* Exercise description: Output every record precisely.
Segment Start: Raw data
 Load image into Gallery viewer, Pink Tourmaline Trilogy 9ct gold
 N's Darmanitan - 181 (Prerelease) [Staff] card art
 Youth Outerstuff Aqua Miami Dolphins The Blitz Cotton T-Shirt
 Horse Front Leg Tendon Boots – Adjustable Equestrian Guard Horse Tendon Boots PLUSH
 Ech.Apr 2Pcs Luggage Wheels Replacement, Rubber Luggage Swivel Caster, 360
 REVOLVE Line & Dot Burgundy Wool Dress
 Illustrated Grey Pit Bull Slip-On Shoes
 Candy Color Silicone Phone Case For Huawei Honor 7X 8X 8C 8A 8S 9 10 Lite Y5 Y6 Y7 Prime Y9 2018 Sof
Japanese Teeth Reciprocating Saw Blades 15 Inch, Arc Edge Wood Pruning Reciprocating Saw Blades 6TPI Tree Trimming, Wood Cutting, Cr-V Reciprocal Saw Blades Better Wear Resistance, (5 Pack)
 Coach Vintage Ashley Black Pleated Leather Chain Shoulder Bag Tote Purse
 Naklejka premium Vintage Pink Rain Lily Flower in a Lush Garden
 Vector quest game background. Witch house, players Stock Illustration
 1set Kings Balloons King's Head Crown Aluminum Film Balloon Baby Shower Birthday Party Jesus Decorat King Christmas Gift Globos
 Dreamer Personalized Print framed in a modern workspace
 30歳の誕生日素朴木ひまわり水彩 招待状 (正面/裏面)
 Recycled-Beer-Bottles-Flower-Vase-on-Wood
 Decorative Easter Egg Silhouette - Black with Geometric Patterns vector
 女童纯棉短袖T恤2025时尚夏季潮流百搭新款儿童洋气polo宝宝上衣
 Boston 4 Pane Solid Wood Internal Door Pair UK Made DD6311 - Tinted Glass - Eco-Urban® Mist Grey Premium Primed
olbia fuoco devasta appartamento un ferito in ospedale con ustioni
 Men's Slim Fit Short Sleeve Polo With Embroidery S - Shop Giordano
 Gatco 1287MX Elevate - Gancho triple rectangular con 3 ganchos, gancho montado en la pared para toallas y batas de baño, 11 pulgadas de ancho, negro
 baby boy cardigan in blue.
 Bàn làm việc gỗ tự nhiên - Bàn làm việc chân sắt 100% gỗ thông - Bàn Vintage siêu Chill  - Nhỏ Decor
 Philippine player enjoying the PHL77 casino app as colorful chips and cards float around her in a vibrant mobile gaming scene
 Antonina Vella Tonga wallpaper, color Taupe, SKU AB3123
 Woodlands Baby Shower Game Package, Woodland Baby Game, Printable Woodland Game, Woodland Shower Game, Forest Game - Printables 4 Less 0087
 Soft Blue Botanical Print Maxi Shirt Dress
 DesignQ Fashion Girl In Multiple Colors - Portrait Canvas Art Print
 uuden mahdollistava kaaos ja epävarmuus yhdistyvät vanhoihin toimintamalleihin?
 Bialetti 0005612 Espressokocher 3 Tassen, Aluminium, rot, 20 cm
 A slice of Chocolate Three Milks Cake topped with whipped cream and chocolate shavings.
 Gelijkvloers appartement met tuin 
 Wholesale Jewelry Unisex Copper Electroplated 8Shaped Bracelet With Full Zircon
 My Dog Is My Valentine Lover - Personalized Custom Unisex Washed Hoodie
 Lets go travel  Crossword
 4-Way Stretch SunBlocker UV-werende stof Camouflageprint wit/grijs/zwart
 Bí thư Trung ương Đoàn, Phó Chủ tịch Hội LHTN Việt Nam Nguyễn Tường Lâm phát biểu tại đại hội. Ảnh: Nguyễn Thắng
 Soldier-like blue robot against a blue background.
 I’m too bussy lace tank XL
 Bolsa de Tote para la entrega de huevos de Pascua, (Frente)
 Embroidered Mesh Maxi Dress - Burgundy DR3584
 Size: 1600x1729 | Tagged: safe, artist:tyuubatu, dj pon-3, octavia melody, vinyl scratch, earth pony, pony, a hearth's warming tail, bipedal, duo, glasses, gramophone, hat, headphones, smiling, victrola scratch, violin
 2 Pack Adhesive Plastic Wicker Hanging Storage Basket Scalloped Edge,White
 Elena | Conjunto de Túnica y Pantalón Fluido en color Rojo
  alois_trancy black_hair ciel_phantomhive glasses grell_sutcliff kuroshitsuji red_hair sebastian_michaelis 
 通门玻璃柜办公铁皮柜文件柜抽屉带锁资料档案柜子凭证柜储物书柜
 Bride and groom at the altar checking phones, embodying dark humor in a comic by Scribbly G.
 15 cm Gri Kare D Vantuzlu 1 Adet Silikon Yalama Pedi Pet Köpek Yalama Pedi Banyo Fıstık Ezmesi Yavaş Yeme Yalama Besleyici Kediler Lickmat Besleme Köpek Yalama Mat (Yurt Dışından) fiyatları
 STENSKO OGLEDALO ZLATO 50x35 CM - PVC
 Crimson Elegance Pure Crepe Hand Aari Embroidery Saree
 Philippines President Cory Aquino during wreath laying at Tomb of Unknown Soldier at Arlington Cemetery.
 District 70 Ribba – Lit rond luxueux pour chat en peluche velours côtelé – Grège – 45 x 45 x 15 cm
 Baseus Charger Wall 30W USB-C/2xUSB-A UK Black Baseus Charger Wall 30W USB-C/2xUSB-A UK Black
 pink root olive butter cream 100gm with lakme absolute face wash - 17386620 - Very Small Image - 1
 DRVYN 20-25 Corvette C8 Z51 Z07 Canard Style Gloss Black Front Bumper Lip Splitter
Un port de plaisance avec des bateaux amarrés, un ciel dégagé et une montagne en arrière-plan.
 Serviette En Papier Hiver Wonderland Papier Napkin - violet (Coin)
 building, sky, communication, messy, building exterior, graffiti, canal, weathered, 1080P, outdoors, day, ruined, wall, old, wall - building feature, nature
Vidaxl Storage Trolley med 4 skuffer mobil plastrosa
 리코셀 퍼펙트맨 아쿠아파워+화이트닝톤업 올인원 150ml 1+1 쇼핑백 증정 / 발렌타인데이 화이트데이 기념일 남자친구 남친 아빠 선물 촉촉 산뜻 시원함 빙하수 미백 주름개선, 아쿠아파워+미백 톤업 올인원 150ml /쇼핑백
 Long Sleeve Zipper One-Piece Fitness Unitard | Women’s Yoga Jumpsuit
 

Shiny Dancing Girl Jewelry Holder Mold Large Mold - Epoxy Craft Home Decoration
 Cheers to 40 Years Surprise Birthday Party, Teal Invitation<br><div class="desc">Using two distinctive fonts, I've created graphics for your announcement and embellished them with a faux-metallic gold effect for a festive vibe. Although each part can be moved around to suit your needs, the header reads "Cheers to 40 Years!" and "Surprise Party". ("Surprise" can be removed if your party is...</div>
Segment End: Raw data
* Answer area:
 Load image into Gallery viewer, Pink Tourmaline Trilogy 9ct gold
 N's Darmanitan - 181 (Prerelease) [Staff] card art
 Youth Outerstuff Aqua Miami Dolphins The Blitz Cotton T-Shirt
 Horse Front Leg Tendon Boots – Adjustable Equestrian Guard Horse Tendon Boots PLUSH
 Ech.Apr 2Pcs Luggage Wheels Replacement, Rubber Luggage Swivel Caster, 360
 REVOLVE Line & Dot Burgundy Wool Dress
 Illustrated Grey Pit Bull Slip-On Shoes
 Candy Color Silicone Phone Case For Huawei Honor 7X 8X 8C 8A 8S 9 10 Lite Y5 Y6 Y7 Prime Y9 2018 Sof
Japanese Teeth Reciprocating Saw Blades 15 Inch, Arc Edge Wood Pruning Reciprocating Saw Blades 6TPI Tree Trimming, Wood Cutting, Cr-V Reciprocal Saw Blades Better Wear Resistance, (5 Pack)
 Coach Vintage Ashley Black Pleated Leather Chain Shoulder Bag Tote Purse
 Naklejka premium Vintage Pink Rain Lily Flower in a Lush Garden
 Vector quest game background. Witch house, players Stock Illustration
 1set Kings Balloons King's Head Crown Aluminum Film Balloon Baby Shower Birthday Party Jesus Decorat King Christmas Gift Globos
 Dreamer Personalized Print framed in a modern workspace
 30歳の誕生日素朴木ひまわり水彩 招待状 (正面/裏面)
 Recycled-Beer-Bottles-Flower-Vase-on-Wood
 Decorative Easter Egg Silhouette - Black with Geometric Patterns vector
 女童纯棉短袖T恤2025时尚夏季潮流百搭新款儿童洋气polo宝宝上衣
 Boston 4 Pane Solid Wood Internal Door Pair UK Made DD6311 - Tinted Glass - Eco-Urban® Mist Grey Premium Primed
olbia fuoco devasta appartamento un ferito in ospedale con ustioni
 Men's Slim Fit Short Sleeve Polo With Embroidery S - Shop Giordano
 Gatco 1287MX Elevate - Gancho triple rectangular con 3 ganchos, gancho montado en la pared para toallas y batas de baño, 11 pulgadas de ancho, negro
 baby boy cardigan in blue.
 Bàn làm việc gỗ tự nhiên - Bàn làm việc chân sắt 100% gỗ thông - Bàn Vintage siêu Chill  - Nhỏ Decor
 Philippine player enjoying the PHL77 casino app as colorful chips and cards float around her in a vibrant mobile gaming scene
 Antonina Vella Tonga wallpaper, color Taupe, SKU AB3123
 Woodlands Baby Shower Game Package, Woodland Baby Game, Printable Woodland Game, Woodland Shower Game, Forest Game - Printables 4 Less 0087
 Soft Blue Botanical Print Maxi Shirt Dress
 DesignQ Fashion Girl In Multiple Colors - Portrait Canvas Art Print
 uuden mahdollistava kaaos ja epävarmuus yhdistyvät vanhoihin toimintamalleihin?
 Bialetti 0005612 Espressokocher 3 Tassen, Aluminium, rot, 20 cm
 A slice of Chocolate Three Milks Cake topped with whipped cream and chocolate shavings.
 Gelijkvloers appartement met tuin 
 Wholesale Jewelry Unisex Copper Electroplated 8Shaped Bracelet With Full Zircon
 My Dog Is My Valentine Lover - Personalized Custom Unisex Washed Hoodie
 Lets go travel  Crossword
 4-Way Stretch SunBlocker UV-werende stof Camouflageprint wit/grijs/zwart
 Bí thư Trung ương Đoàn, Phó Chủ tịch Hội LHTN Việt Nam Nguyễn Tường Lâm phát biểu tại đại hội. Ảnh: Nguyễn Thắng
 Soldier-like blue robot against a blue background.
 I’m too bussy lace tank XL
 Bolsa de Tote para la entrega de huevos de Pascua, (Frente)
 Embroidered Mesh Maxi Dress - Burgundy DR3584
 Size: 1600x1729 | Tagged: safe, artist:tyuubatu, dj pon-3, octavia melody, vinyl scratch, earth pony, pony, a hearth's warming tail, bipedal, duo, glasses, gramophone, hat, headphones, smiling, victrola scratch, violin
 2 Pack Adhesive Plastic Wicker Hanging Storage Basket Scalloped Edge,White
 Elena | Conjunto de Túnica y Pantalón Fluido en color Rojo
  alois_trancy black_hair ciel_phantomhive glasses grell_sutcliff kuroshitsuji red_hair sebastian_michaelis 
 通门玻璃柜办公铁皮柜文件柜抽屉带锁资料档案柜子凭证柜储物书柜
 Bride and groom at the altar checking phones, embodying dark humor in a comic by Scribbly G.
 15 cm Gri Kare D Vantuzlu 1 Adet Silikon Yalama Pedi Pet Köpek Yalama Pedi Banyo Fıstık Ezmesi Yavaş Yeme Yalama Besleyici Kediler Lickmat Besleme Köpek Yalama Mat (Yurt Dışından) fiyatları
 STENSKO OGLEDALO ZLATO 50x35 CM - PVC
 Crimson Elegance Pure Crepe Hand Aari Embroidery Saree
 Philippines President Cory Aquino during wreath laying at Tomb of Unknown Soldier at Arlington Cemetery.
 District 70 Ribba – Lit rond luxueux pour chat en peluche velours côtelé – Grège – 45 x 45 x 15 cm
 Baseus Charger Wall 30W USB-C/2xUSB-A UK Black Baseus Charger Wall 30W USB-C/2xUSB-A UK Black
 pink root olive butter cream 100gm with lakme absolute face wash - 17386620 - Very Small Image - 1
 DRVYN 20-25 Corvette C8 Z51 Z07 Canard Style Gloss Black Front Bumper Lip Splitter
Un port de plaisance avec des bateaux amarrés, un ciel dégagé et une montagne en arrière-plan.
 Serviette En Papier Hiver Wonderland Papier Napkin - violet (Coin)
 building, sky, communication, messy, building exterior, graffiti, canal, weathered, 1080P, outdoors, day, ruined, wall, old, wall - building feature, nature
Vidaxl Storage Trolley med 4 skuffer mobil plastrosa
 리코셀 퍼펙트맨 아쿠아파워+화이트닝톤업 올인원 150ml 1+1 쇼핑백 증정 / 발렌타인데이 화이트데이 기념일 남자친구 남친 아빠 선물 촉촉 산뜻 시원함 빙하수 미백 주름개선, 아쿠아파워+미백 톤업 올인원 150ml /쇼핑백
 Long Sleeve Zipper One-Piece Fitness Unitard | Women’s Yoga Jumpsuit
 

Shiny Dancing Girl Jewelry Holder Mold Large Mold - Epoxy Craft Home Decoration
 Cheers to 40 Years Surprise Birthday Party, Teal Invitation<br><div class="desc">Using two distinctive fonts, I've created graphics for your announcement and embellished them with a faux-metallic gold effect for a festive vibe. Although each part can be moved around to suit your needs, the header reads "Cheers to 40 Years!" and "Surprise Party". ("Surprise" can be removed if your party is...</div>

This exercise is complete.